The winter wore by and the spring and the autumn, and again Siena’s fame went abroad on the four winds. The Chippewayans journeyed from afar to see the Great Slave, and likewise the Blackfeet and the Yellow Knives. Honor would have been added to fame; councils called; overtures made to the somber Baroma on behalf of the Great Slave, but Siena passed to and fro among his people, silent and cold to all others, true to the place which his great foe had given him. Captive to a lesser chief, they said; the Great Slave who would yet free his tribe and gather to him a new and powerful nation.
Once in the late autumn Siena sat brooding in the twilight by Ema’s tepee. That night all who came near him were silent. Again Siena was listening to voices on the wind, voices that had been still for long, which he had tried to forget. It was the north wind, and it whipped the spruces and moaned through the pines. In its cold breath it bore a message to Siena, a hint of coming winter and a call from Naza, far north of the green-white, thundering Athabasca, river without a spirit.
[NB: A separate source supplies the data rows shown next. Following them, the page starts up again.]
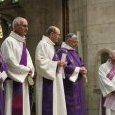 Cinq des sept diacres du secteur missionnaire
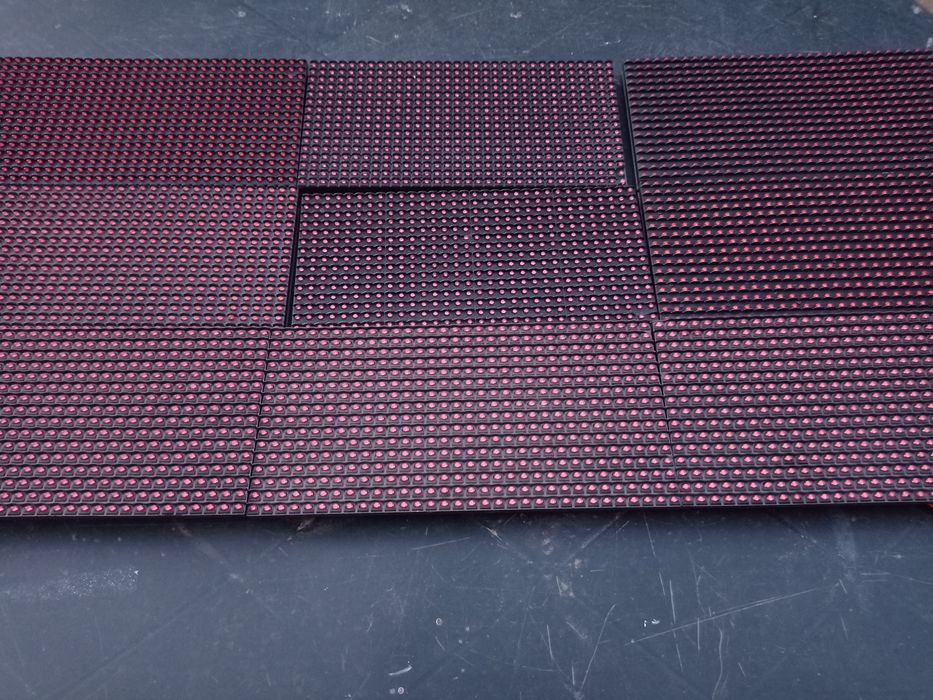 Modul 16x32 leduri pentru reclame luminoase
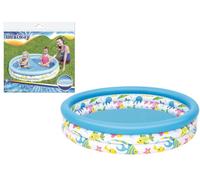 PISCINA OCEANO 3 ANELLI 122x25 CENTIMETRI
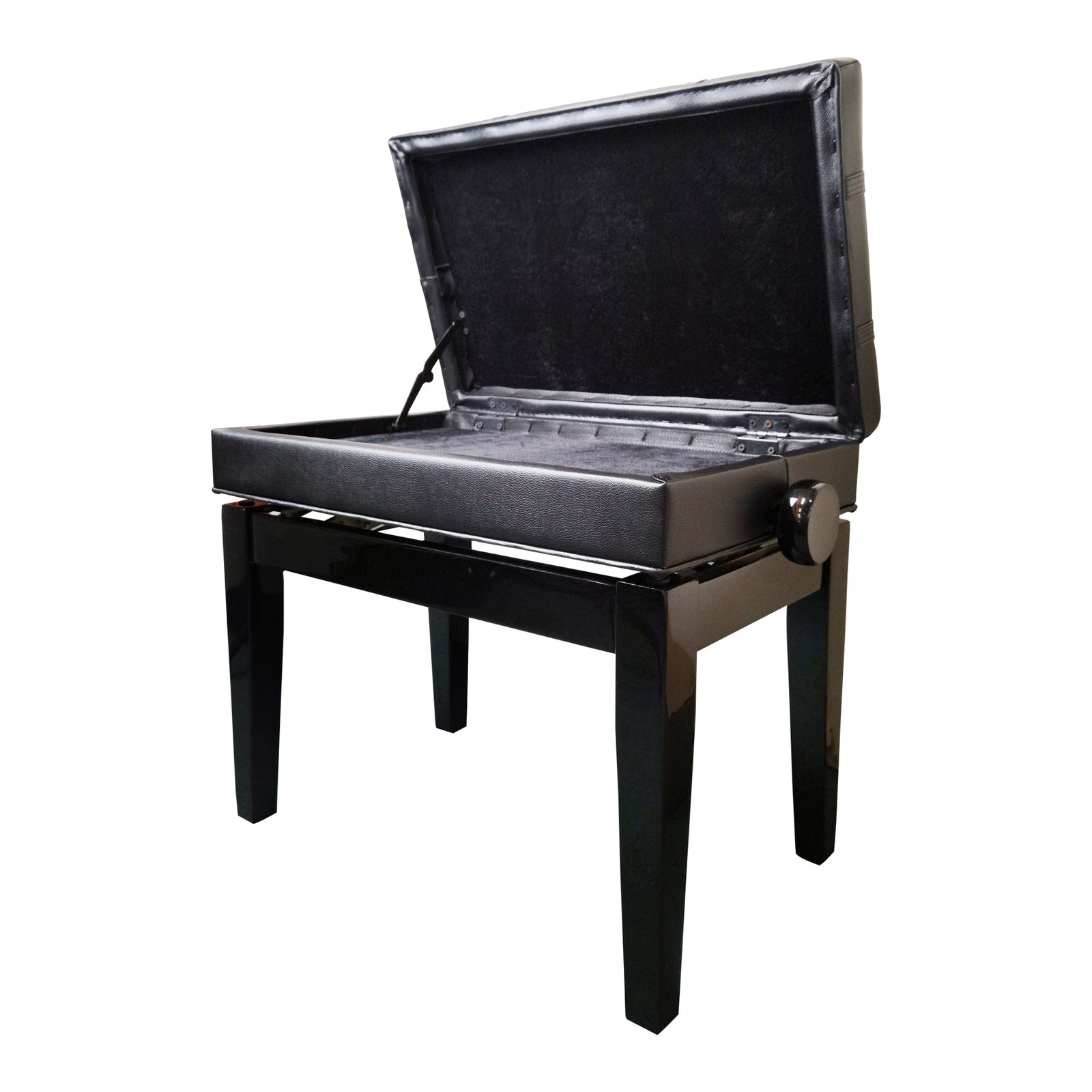 Adjustable Open Stool - FS-301 BK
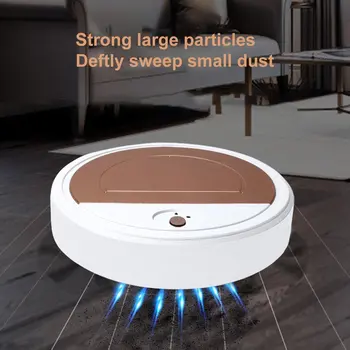 Automatic Smart Robot Vacuum Cleaner Small Vacuum Cleaners Sweeping Robot Floor Auto Home USB Rechargeable Cleaning Machine 120V
Automatic Smart Robot Vacuum Cleaner Small Vacuum Cleaners Sweeping Robot Floor Auto Home USB Rechargeable Cleaning Machine 120V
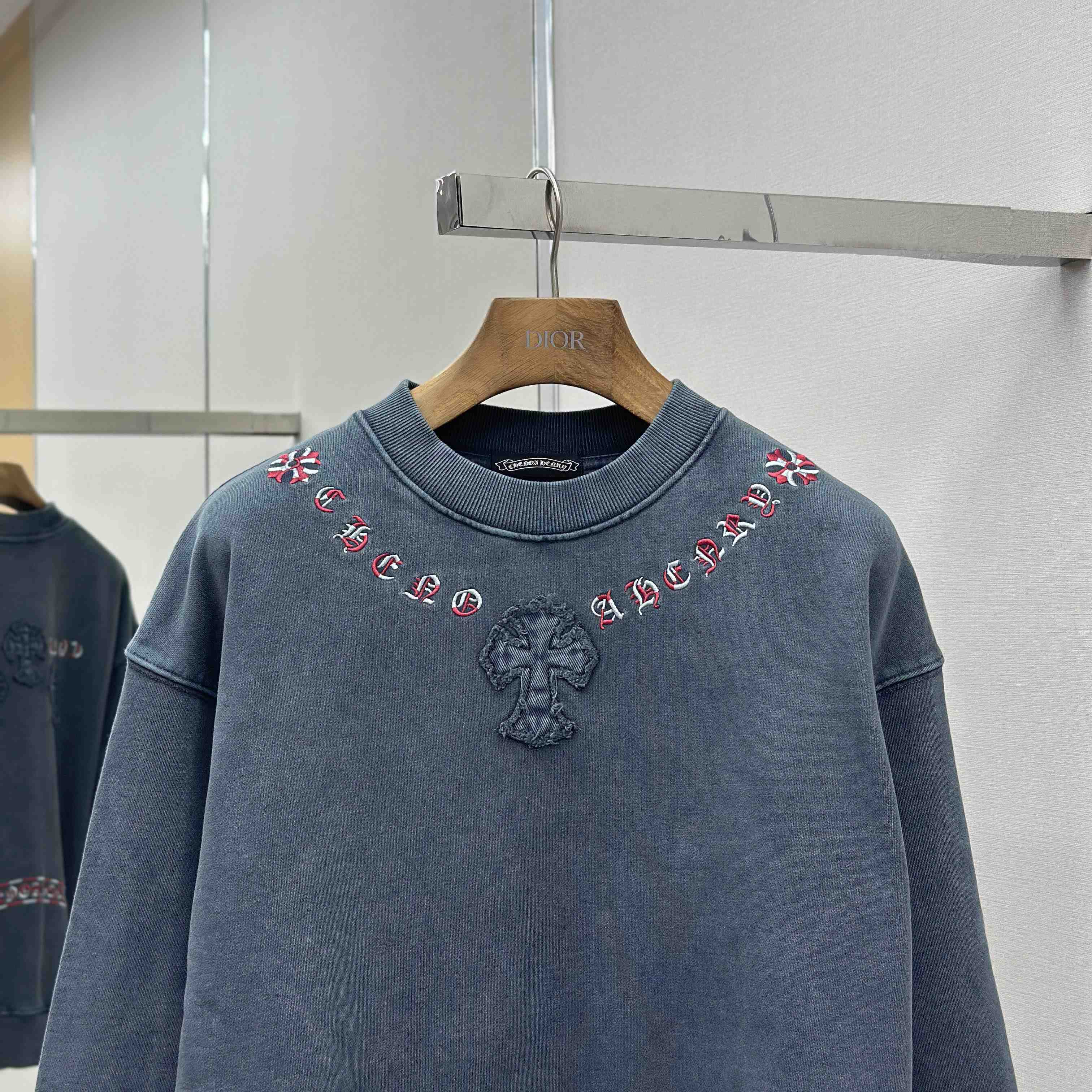 Chrome Hearts Cotton Sweatshirt - EUR FASHION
In the darkness when the camp slumbered Siena faced the steely north. As he looked a golden shaft, arrow-shaped and arrow-swift, shot to the zenith.
“Naza!” he whispered to the wind. “Siena watches.”
Then the gleaming, changing Northern Lights painted a picture of gold and silver bars, of flushes pink as shell, of opal fire and sunset red; and it was a picture of Siena’s life from the moment the rushing Athabasca rumbled his name, to the far distant time when he would say farewell to his great nation and pass forever to the retreat of the winds. God-chosen he was, and had power to read the story in the sky.
Seven nights Siena watched in the darkness; and on the seventh night, when the golden flare and silver shafts faded in the north, he passed from tepee to tepee, awakening his people. “When Siena’s people hear the sound of the shooting stick let them cry greatly: ‘Siena kills Baroma! Siena kills Baroma!’”
With noiseless stride Siena went among the wigwams and along the lanes until he reached Baroma’s lodge. Entering in the dark he groped with his hands upward to a moose’s antlers and found the shooting stick. Outside he fired it into the air.
Like a lightning bolt the report ripped asunder the silence, and the echoes clapped and reclapped from the cliffs. Sharp on the dying echoes Siena bellowed his war whoop, and it was the second time in a hundred years for foes to hear that terrible, long-drawn cry.
Then followed the shrill yells of Siena’s people: “Siena kills Baroma ... Siena kills Baroma ... Siena kills Baroma!”